Mengambil amsal dari rekonsiliasi antara suku pribumi dan imigran pendatang seperti yang terjadi di Amerika Serikat dan Australia, argumen Vernada memberikan masukan cukup baik.
Menurutnya, untuk mencapai rekonsiliasi di antara mereka, diperlukan sikap saling menghormati dan rekognisi atas nilai moral yang dianut secara setara, baik antara imigran dan penduduk asli (Ernesto Verdeja, 2017).
Kaitannya dengan pilpres kita adalah bahwa pemenang harus mengakui pola hubungan mereka dengan pihak-pihak yang kalah tetap dalam posisi equal, horizontal, adil. Tidak berat sebelah dan tidak ada pilih kasih dalam hukum atau kebijakan.
Tidak ada lagi penganak-tirian karena orang-orang pada salah satu kubu bukanlah barisan pendukung pemenang. Merangkul yang kalah merupakan rekognisi penting guna mencapai rekonsiliasi.
Ia juga menandakan adanya pengakuan yang seimbang sebagai bangsa yang satu. Sehingga tidak ada lagi sekat yang memisahkan atau bahkan pembulian terhadap kelompok yang kalah. Sekaligus menghindari persepsi seolah-olah orang-orang kalah tidak mempunyai hak yang sama pasca kekalahannya.
Selanjutnya, ketiga, elite juga harus menjaga komitmen mereka terhadap pemberantasan hoaks dan cara-cara politik kotor.
Sepanjang estafet pemilu ini, elite selalu menyuguhkan cara-cara machiavelian dalam strategi politik mereka. Cara anomali ini sebetulnya sudah terendus sejak pilpres 2014 lalu dan kemudian mencapai titik kulminasi dalam pilgub jakarta 2017.
Paradigma ini dipakai melalui sebaran propaganda hoax dan ujaran kebencian. Praktik ini juga dipertontonkan elite dengan ramai-ramai menggandeng para agamawan. Melibatkan mereka ke dalam politik praktis berarti memungkinkan terjadinya benturan antara sekte aliran keagamaan, khususnya dalam islam (modernis, tradisionalis, konseratif).

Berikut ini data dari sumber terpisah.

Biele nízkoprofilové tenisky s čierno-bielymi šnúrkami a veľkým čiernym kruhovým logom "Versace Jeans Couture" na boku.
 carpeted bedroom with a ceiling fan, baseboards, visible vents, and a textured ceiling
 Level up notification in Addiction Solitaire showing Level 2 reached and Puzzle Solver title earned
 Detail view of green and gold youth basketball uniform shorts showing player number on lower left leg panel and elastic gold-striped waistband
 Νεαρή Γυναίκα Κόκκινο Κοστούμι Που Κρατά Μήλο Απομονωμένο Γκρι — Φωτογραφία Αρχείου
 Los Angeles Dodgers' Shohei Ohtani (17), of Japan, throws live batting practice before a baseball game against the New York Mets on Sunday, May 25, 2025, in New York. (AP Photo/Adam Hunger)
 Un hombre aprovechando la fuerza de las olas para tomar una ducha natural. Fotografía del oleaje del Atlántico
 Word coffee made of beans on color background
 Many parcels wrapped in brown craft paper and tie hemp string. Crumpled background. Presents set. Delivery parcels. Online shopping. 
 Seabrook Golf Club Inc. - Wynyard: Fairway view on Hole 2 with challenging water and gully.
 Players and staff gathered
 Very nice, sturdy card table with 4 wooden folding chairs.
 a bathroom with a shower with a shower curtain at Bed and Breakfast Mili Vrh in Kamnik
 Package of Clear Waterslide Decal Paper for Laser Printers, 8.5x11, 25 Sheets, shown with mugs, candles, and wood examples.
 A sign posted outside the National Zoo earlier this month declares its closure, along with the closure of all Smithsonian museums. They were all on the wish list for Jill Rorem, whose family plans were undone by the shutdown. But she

Kaum agamawan dianggap memiliki peran sentral terhadap lapisan masyarakat bawah dengan masing-masing basis massa. Retorika dan dalil-dalil agama dimanfaatkan sebagai tameng yang melegitimasi kekuatan politik elite.
Makanya, politik sebagai entitas profan perlahan menjadi sakral. Tak pelak cara-cara tersebut menyeret sentimen antar masyarakat menjadi lebih dalam. Pasalnya agama begitu melekat dalam kehidupan sosial masyarakat kita.